Anuja Sapkota 2019
Nepal, Ph.D. Candidate, Department of Conflict, Peace and Development Studies, Tribhuvan University, Nepal
A study of the Transitional Justice Process in Nepal: Narratives of the Victims
Brief Project Description
The ten years of armed conflict (1996-2006) between the then Maoist Party of Nepal (CPN-Maoist) and the Government of Nepal ended with ‘The Comprehensive Peace Agreement’ signed on November 21st, 2006-which pointed out the urgency of establishing the transitional justice system within 6 months of signing of the agreement to address the victims of a decade long armed conflict. While the two commissions– ‘Truth and Reconciliation Commission (TRC)’ and ‘The Commission on the Investigation of Disappeared Persons (CIEDP)’ were formed only after 8 years on August 2014. In these five years 60,000 cases in TRC and 3,093 cases in CIEDP has been registered, consultations for the new bill to amend the Truth and Reconciliation Act has been conducted as the earlier bill was criticized to have been brought without any consultation with victims and being in favor of amnesty- which had the landmark Supreme Court order in February 2015 rejecting the possibility of amnesties against the perpetrators of serious human rights abuses during the insurgency.

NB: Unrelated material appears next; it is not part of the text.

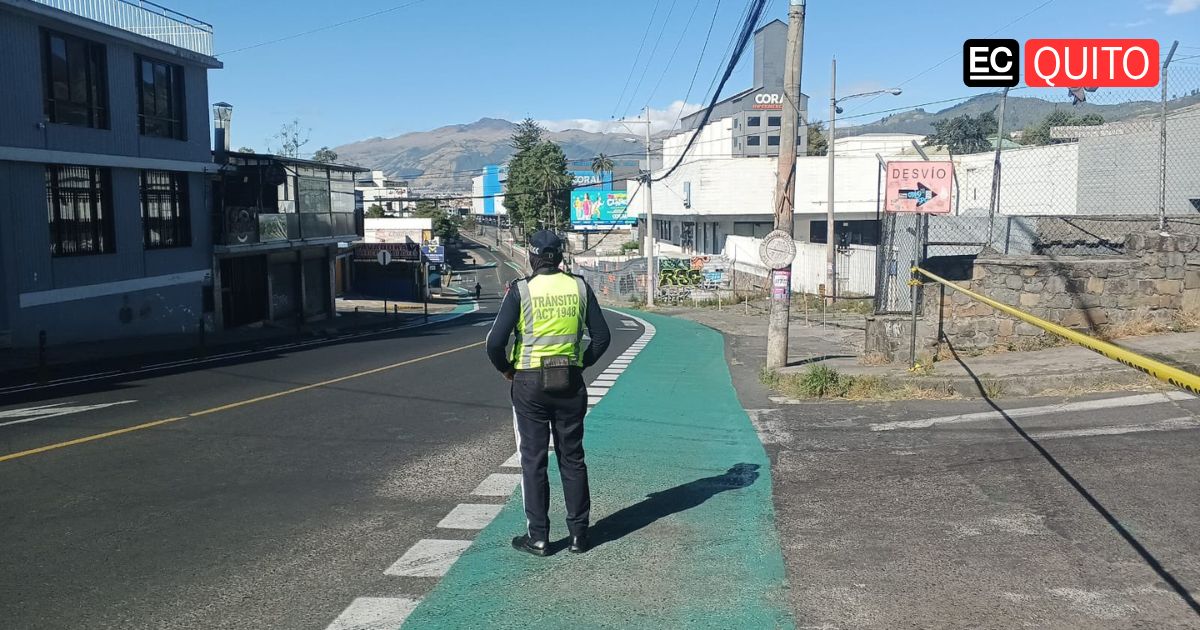 Estas son las vías cerradas en Quito este domingo 31 de agosto por una competencia atlética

In this context-victims, human rights organizations and peace building organizations are still skeptical if victims would ever be addressed by the government and if the commissions would really work according to its objectives, and if the transitional justice process of Nepal would be bottom up (victim-centric) or elite-centric top down approach?

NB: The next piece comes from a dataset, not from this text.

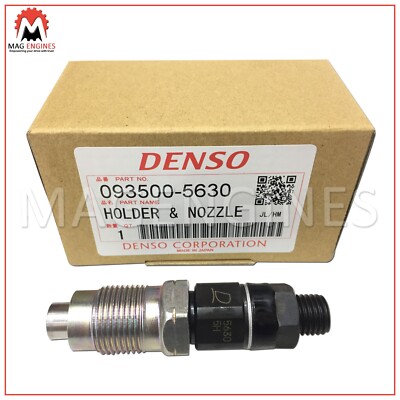 どじょう 093500-5630 / 23600-69105 DENSO GENUINE HOLDER & NOZZLE SET 1KZ-T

In many of the agreements that formalized the peace process, including the Comprehensive Peace Agreement (2006) and the Interim Constitution (2008), the parties to the conflict pledge to address the victims of the conflict. However, at present the whole process of Transitional Justice in Nepal is critiqued to be elite centric, state driven political motive which raises the questions in the present whether it will follow the bottom up approaches in dealing with the past to build a peaceful future? Or the top down approach just to tick the process off the list in the peace process?

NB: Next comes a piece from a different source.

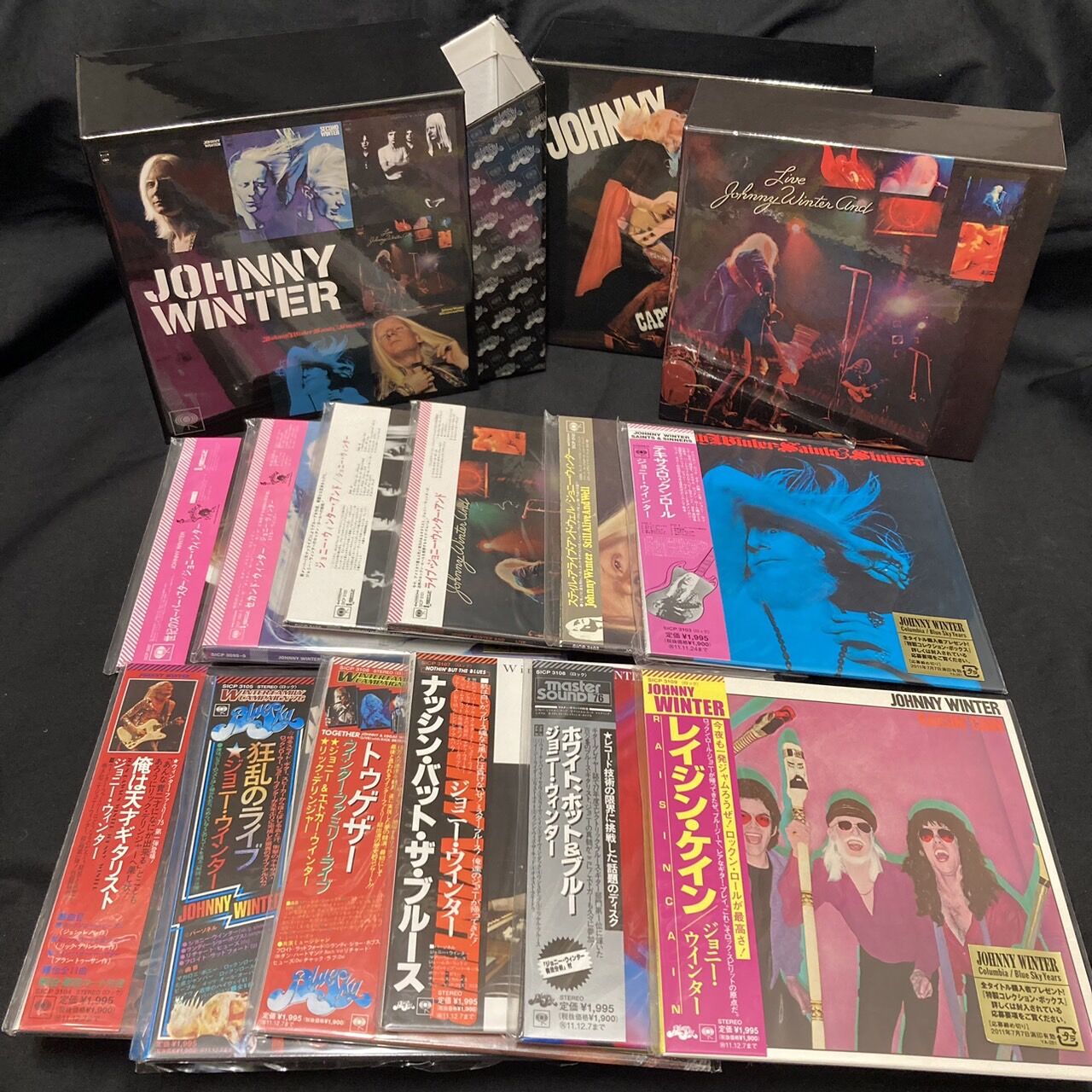 未開封 スティーヴィーレイヴォーン &ダブルトラブル CD BOX K9203 Amazon.co.jp: スティービー・レイ・ボーン&ダブル・トラブル/ライブ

In this context, the proposed research aims to study the transitional justice process of Nepal, its approaches, and how do those approaches addresses the victims of armed conflict in Nepal. This research further aims to document the narratives of the victims in a form of ethnographic research report and later would like to develop an info graphics video to present the findings of the research which will be a testimony of a transitional justice process of Nepal. The findings will be shared with policy makers, civil society (peace building and human rights organizations), academicians and public at large within Nepal and abroad in order to promote positive and sustainable peace.